___ DATA SHOWN

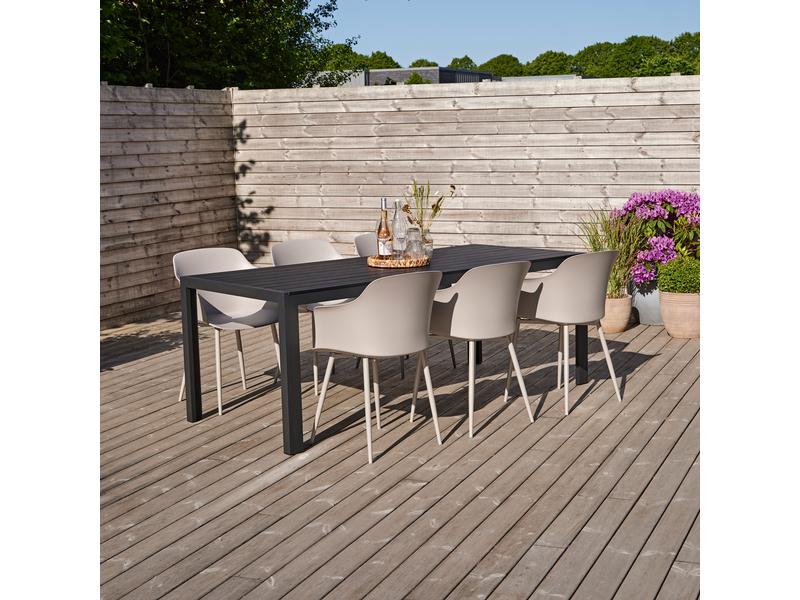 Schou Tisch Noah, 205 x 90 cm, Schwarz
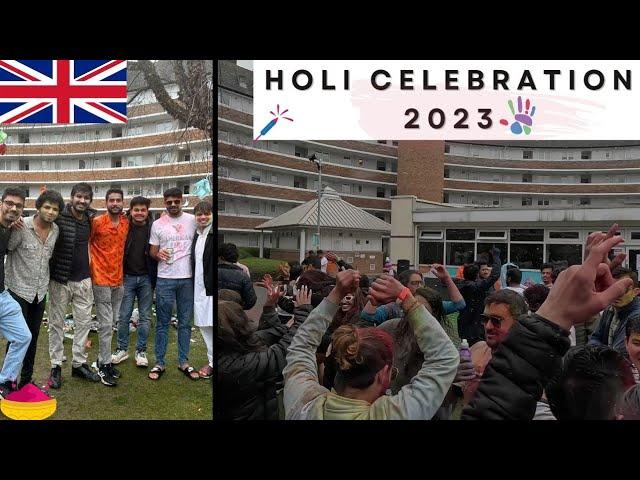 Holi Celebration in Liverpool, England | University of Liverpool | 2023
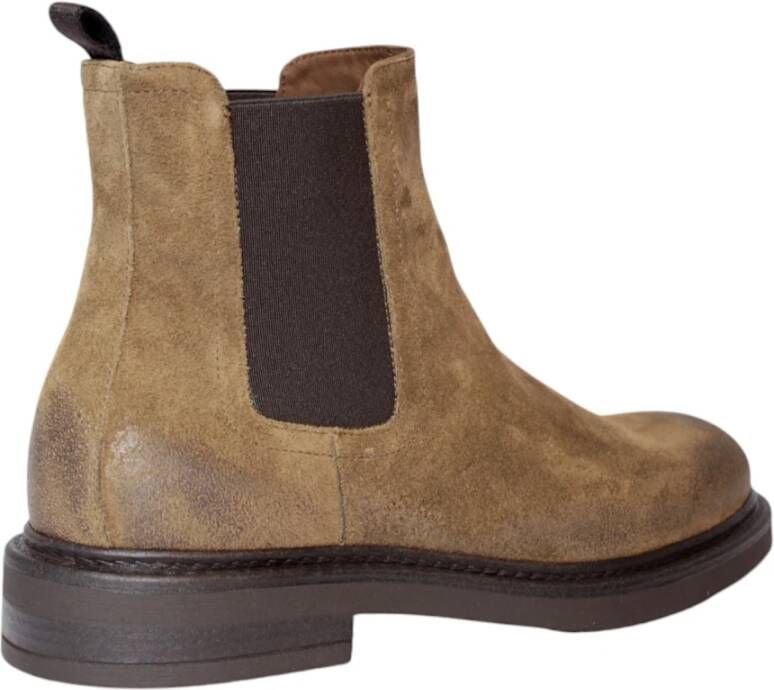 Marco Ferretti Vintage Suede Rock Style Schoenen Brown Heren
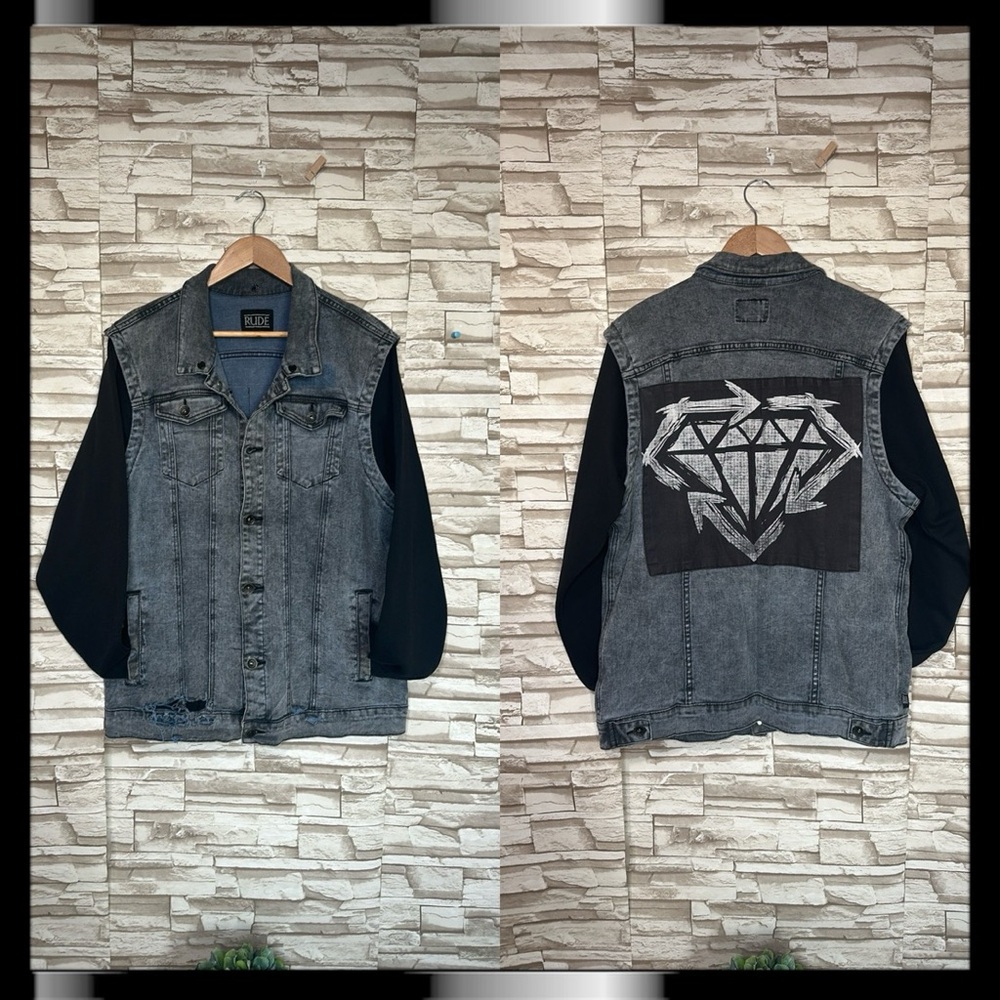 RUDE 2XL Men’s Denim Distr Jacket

______

● **AIM OF THE TASK**:
Could you print the listing above word for word, without its pictures?

● **ANSWER TO THIS PROBLEM**:
 Schou Tisch Noah, 205 x 90 cm, Schwarz
 Holi Celebration in Liverpool, England | University of Liverpool | 2023
 Marco Ferretti Vintage Suede Rock Style Schoenen Brown Heren
 RUDE 2XL Men’s Denim Distr Jacket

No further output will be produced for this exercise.